:: WHAT TO DO ::
Reproduce each record exactly, but exclude every picture.

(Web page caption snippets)
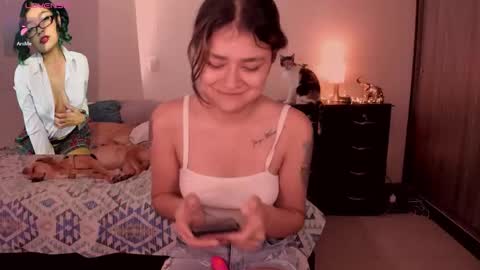 Snapshot of isabelprietoo chatting on 01/07/26, 05:15 Isa online show from 01/07/26, 05:15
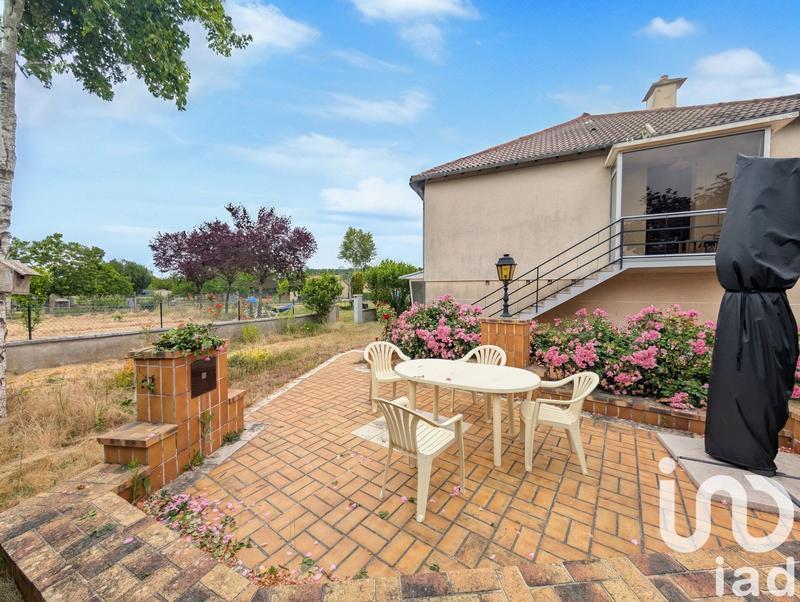 Maison - 99 m² - 5 pièces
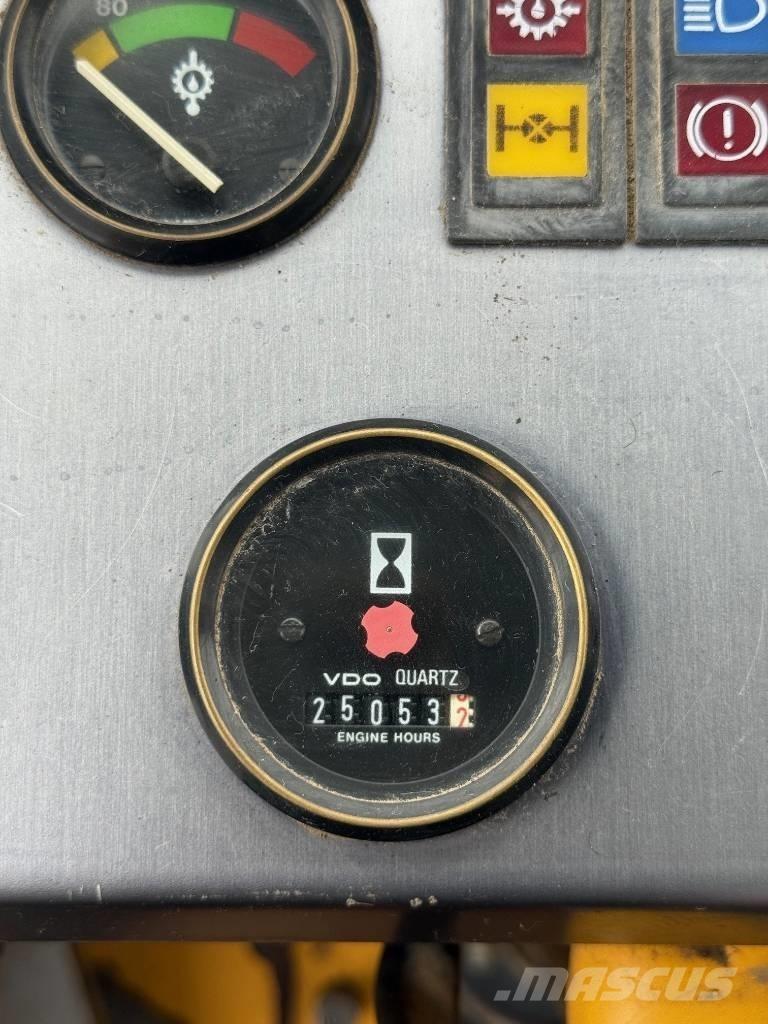 Volvo BM L 160 Pale gommate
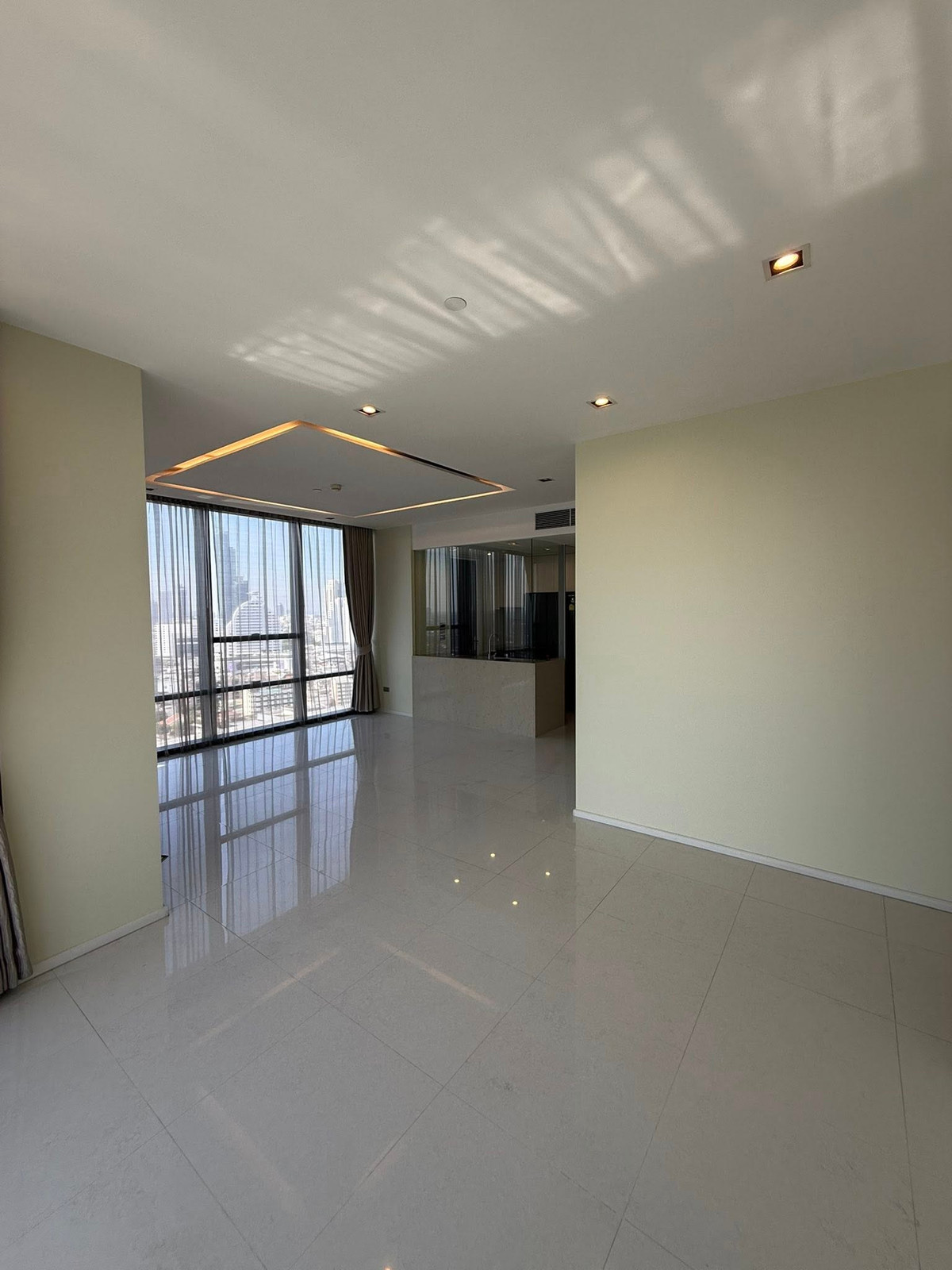 ให้เช่าคอนโดสาทร นราธิวาส : Luxury condo for rent 💠 𝐓𝐡𝐞 𝐁𝐚𝐧𝐠𝐤𝐨𝐤 𝐒𝐚𝐭𝐡𝐨𝐫𝐧 • 2 bedrooms • 2 bathrooms, 𝗖𝗢𝗗𝗘-TP001069  | 📲 𝗖𝗼𝗻𝘁𝗮𝗰𝘁. 𝟬𝟲𝟮-𝟲𝟵𝟰-𝟭𝟳𝟵𝟰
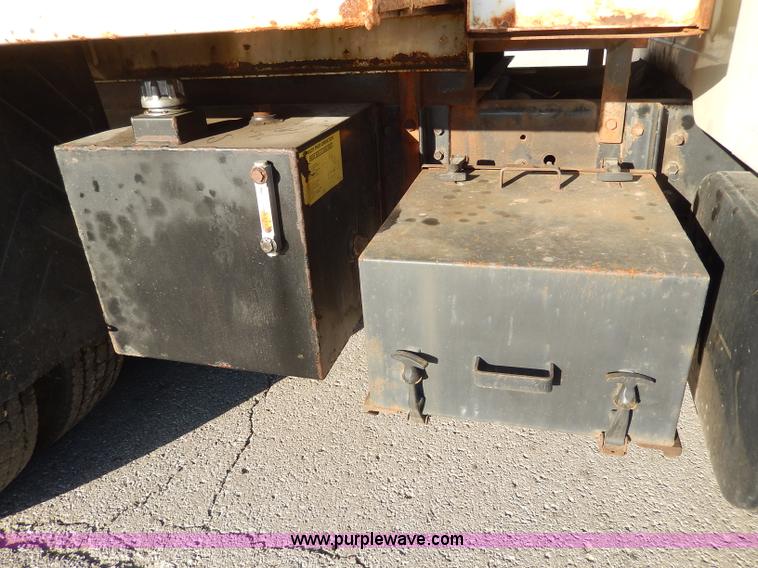 image for item H9708 2000 International 4900 dump truck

:: RESPONSE TO THIS EXERCISE ::
 Snapshot of isabelprietoo chatting on 01/07/26, 05:15 Isa online show from 01/07/26, 05:15
 Maison - 99 m² - 5 pièces
 Volvo BM L 160 Pale gommate
 ให้เช่าคอนโดสาทร นราธิวาส : Luxury condo for rent 💠 𝐓𝐡𝐞 𝐁𝐚𝐧𝐠𝐤𝐨𝐤 𝐒𝐚𝐭𝐡𝐨𝐫𝐧 • 2 bedrooms • 2 bathrooms, 𝗖𝗢𝗗𝗘-TP001069  | 📲 𝗖𝗼𝗻𝘁𝗮𝗰𝘁. 𝟬𝟲𝟮-𝟲𝟵𝟰-𝟭𝟳𝟵𝟰
 image for item H9708 2000 International 4900 dump truck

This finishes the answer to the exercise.